## Task instructions
A faithful copy of all the data is the goal; omit the pictures.

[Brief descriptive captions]
+===+
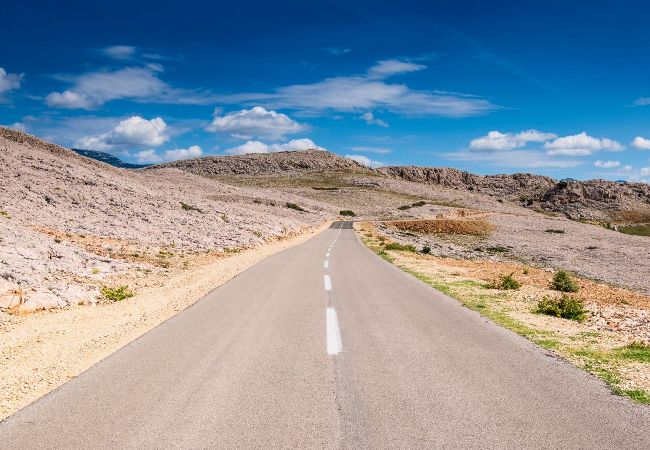 Affitto per camere a Novalja - Camera in Novaglia (Novalja) con Climatizzazione, WIFI (3764-13) Affitto per camere a Novalja - Camera in Novaglia (Novalja) con Climatizzazione, WIFI (3764-13)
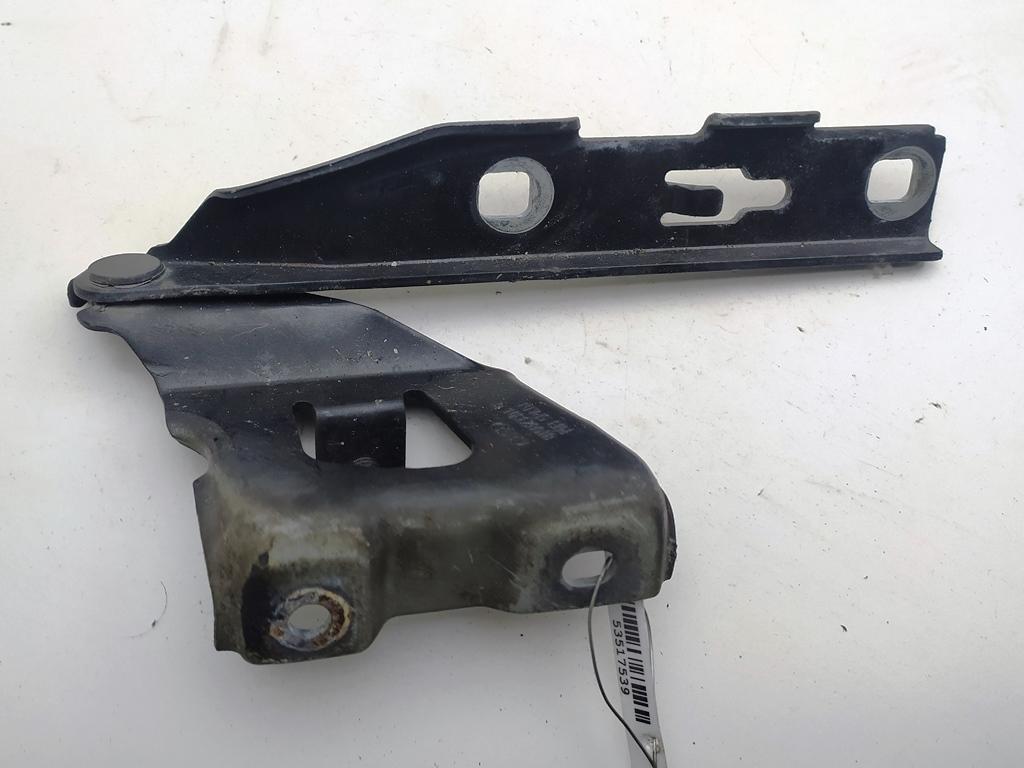 петля капота левая Audi A5 8T 2008, чёрный, купе, 8T0823301B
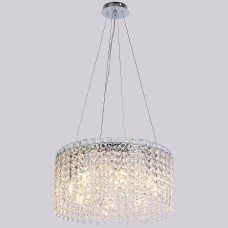 Подвесная люстра ILLUMICO IL9017 IL9017-500PZF-25 CH ELITE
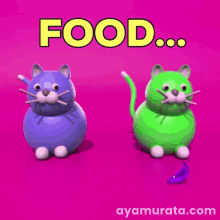 Cat Food GIF - Cat Food Design GIFs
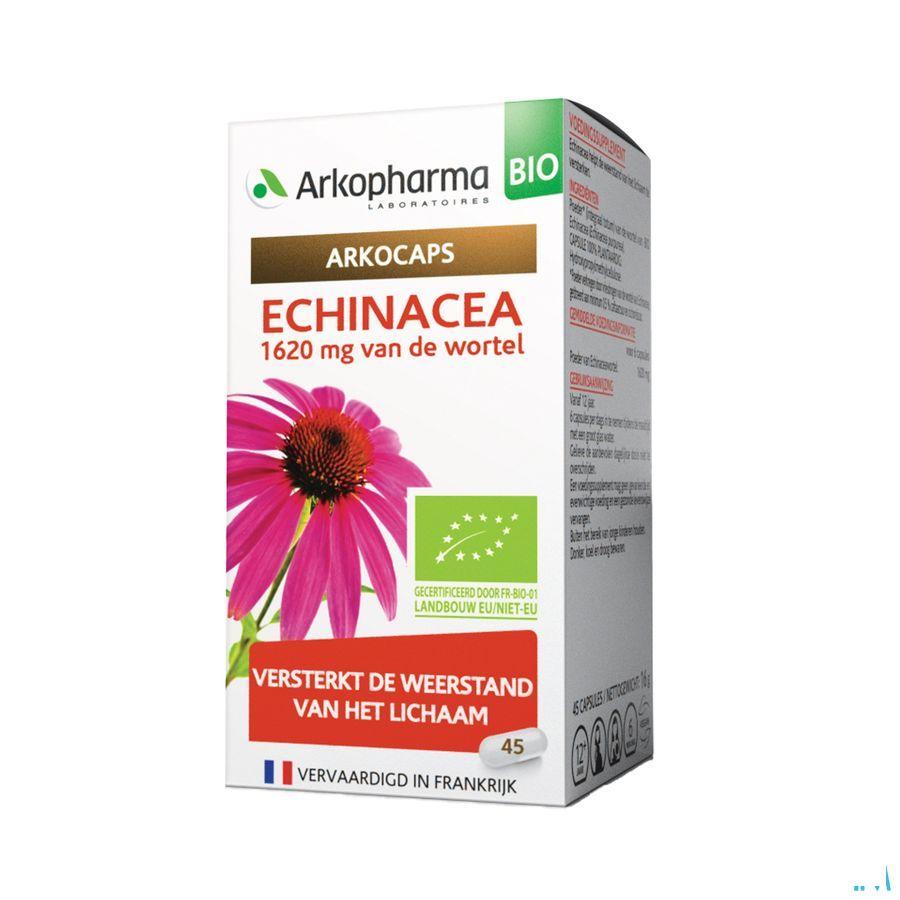Arkocaps Echinacea Bio Caps 45 Nf  -  Arkopharma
+===+
## Response box
 Affitto per camere a Novalja - Camera in Novaglia (Novalja) con Climatizzazione, WIFI (3764-13) Affitto per camere a Novalja - Camera in Novaglia (Novalja) con Climatizzazione, WIFI (3764-13)
 петля капота левая Audi A5 8T 2008, чёрный, купе, 8T0823301B
 Подвесная люстра ILLUMICO IL9017 IL9017-500PZF-25 CH ELITE
 Cat Food GIF - Cat Food Design GIFs
Arkocaps Echinacea Bio Caps 45 Nf  -  Arkopharma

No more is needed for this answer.